My fiancee is from the UK. She just moved here. I am trying to get her a new phone. What is the most affordable plan with decent coverage, unlimited data, and international calling built in? The websites and stores seem designed to confuse people.


----------



## lunarlander (Sep 22, 2007)

Where is "here" ? This is an international forum. Just go to the web sites of your local telcom companies and check them all.


----------



## Freduardo (Nov 17, 2019)

lunarlander said:


> Where is "here" ? This is an international forum. Just go to the web sites of your local telcom companies and check them all.

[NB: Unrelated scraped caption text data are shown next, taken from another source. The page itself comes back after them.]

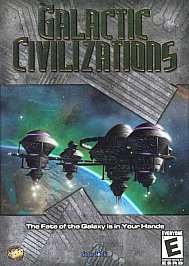 Stardock Computer Game Galactic Civilizations Box VG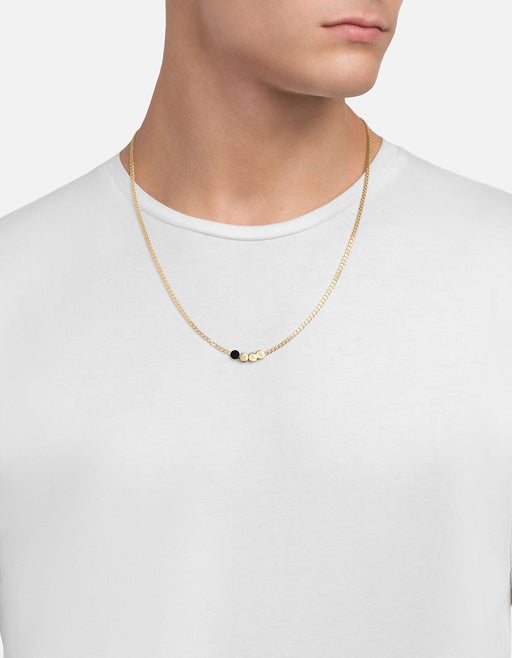 Miansai Necklaces Volcan Type Chain Necklace, Gold Vermeil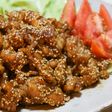 すっぱ甘辛の豚小間焼き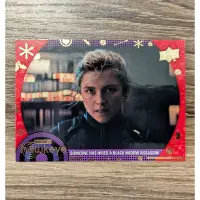 在飛比找蝦皮購物優惠-MARVEL 漫威 影集 HAWKEYE 鷹眼 收藏卡 紅版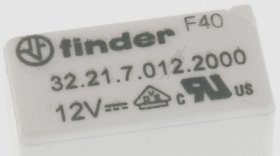 Finder Pcb Relay To 12v - 12vdc 6a-250vac Relay, 1 Co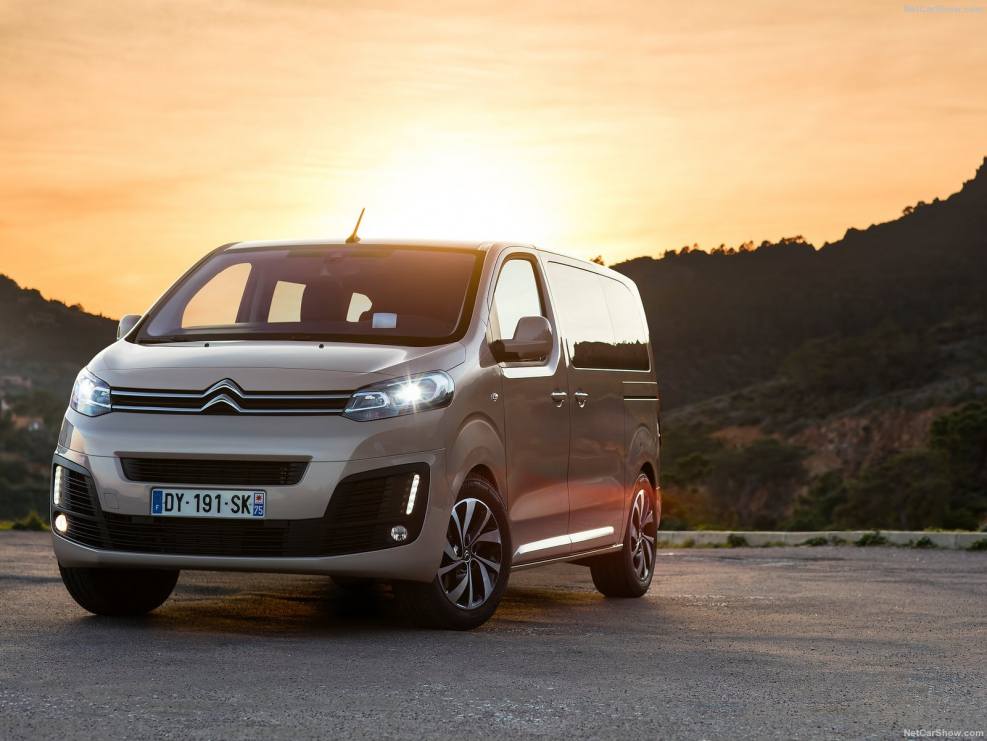 Citroen SPACETOURER Peugeot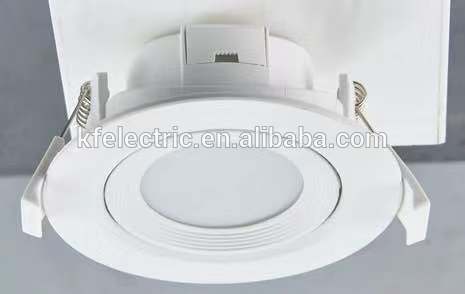 3W 5W 7W 9W 12w indoor round recessed ceiling led spotlight 10-60VDC 12V 24V 36VAC/DC downlight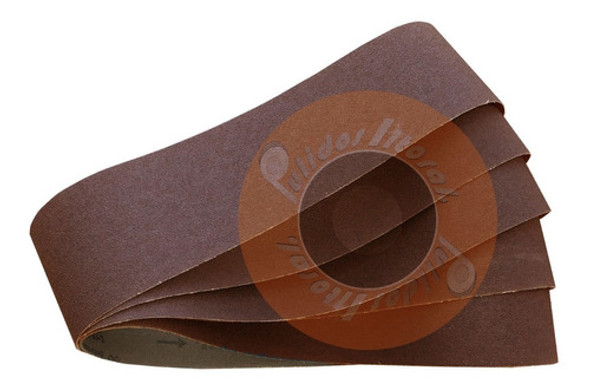 8 Banda Lija Oxido Aluminio 100x915 Para Lijadora Banco 1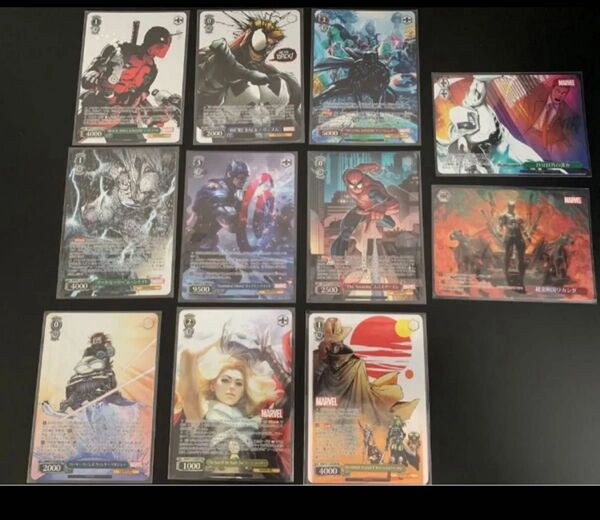 ヴァイスシュヴァルツ MARVEL Vol.2 MR SR カードまとめ売り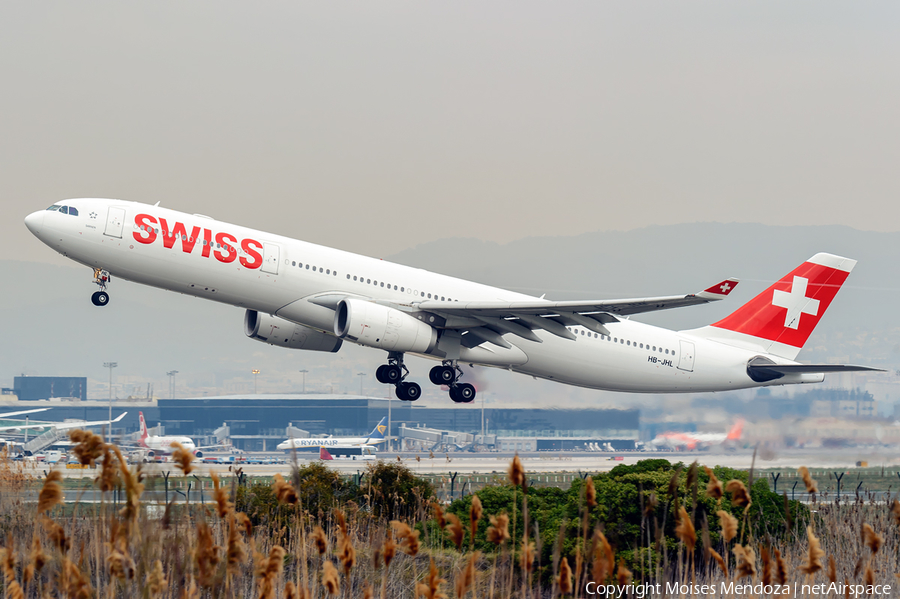 Swiss International Airlines Airbus A330-343X (HB-JHL) | Photo 148830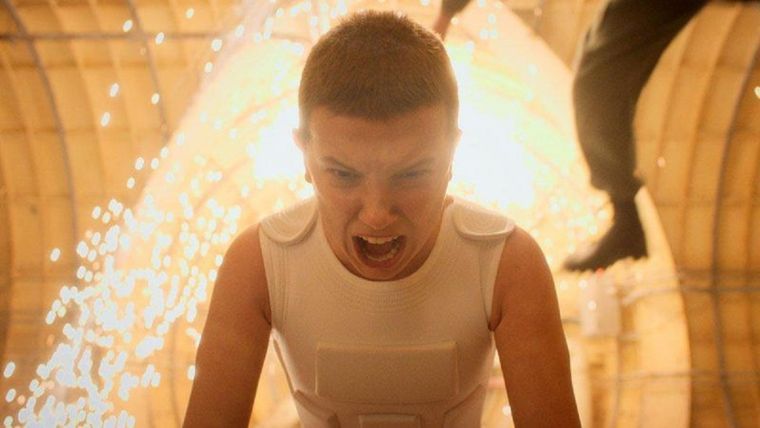 La nueva entrega de Stranger Things está entre las series afectadas. Foto: Netflix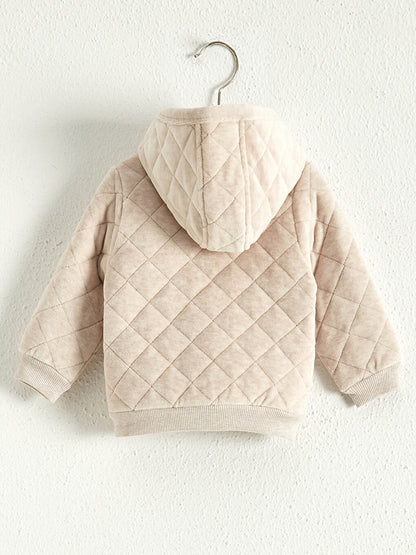 Baby Boy Hooded Cardigan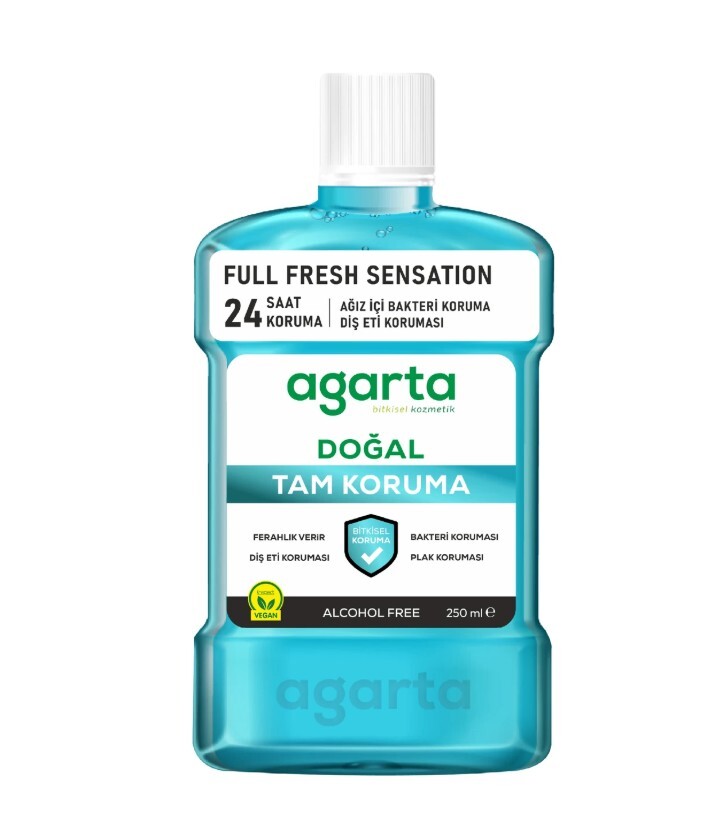 Agarta Doğal Ağız Bakım Suyu 250 ml Tam Koruma - 1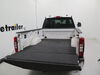 2021 ford f-250 super duty  custom-fit mat bedtred impact truck bed - trucks w/ bare beds or spray-in liners thermoplastic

apologies for my ethnocentric nature, I figured with the tech guy podcast being in california, the default was the United States.

where as stated, the websites seem designed to confuse.


----------



## bassfisher6522 (Aug 8, 2008)

You still have said where here is?

That said.....my here is the USA and here we have something called StraightTalk. Which is a pay as you go service on a 30 day format. They do have an international service. See the link below.

https://www.straighttalk.com/wps/portal/home


----------



## Couriant (Mar 26, 2002)

I did a calling plan where i can use it on any phone and was cheap enough at the time.

I haven't seen a decent international plan yet that didn't involve Canada/Mexico for mobile providers.


----------



## Cookiegal (Aug 27, 2003)

Freduardo said:


> the tech guy podcast being in california


I think you are are referring to Leo Laporte who broadcasts as The Tech Guy out of California but that's not the same as this site and there is no affiliation. Tech Support Guy's owner Mike Cermak participates regularly on a radio show called Computer America but I believe they are based in Houston. Mr. Cermak/Tech Support Guy is based in Pennsylvania. Still, even though it's all the U.S.A., many people may say "here" and be referring to other countries so it's best to specify to avoid confusion which leads to getting the responses that best suit what you're looking for.


----------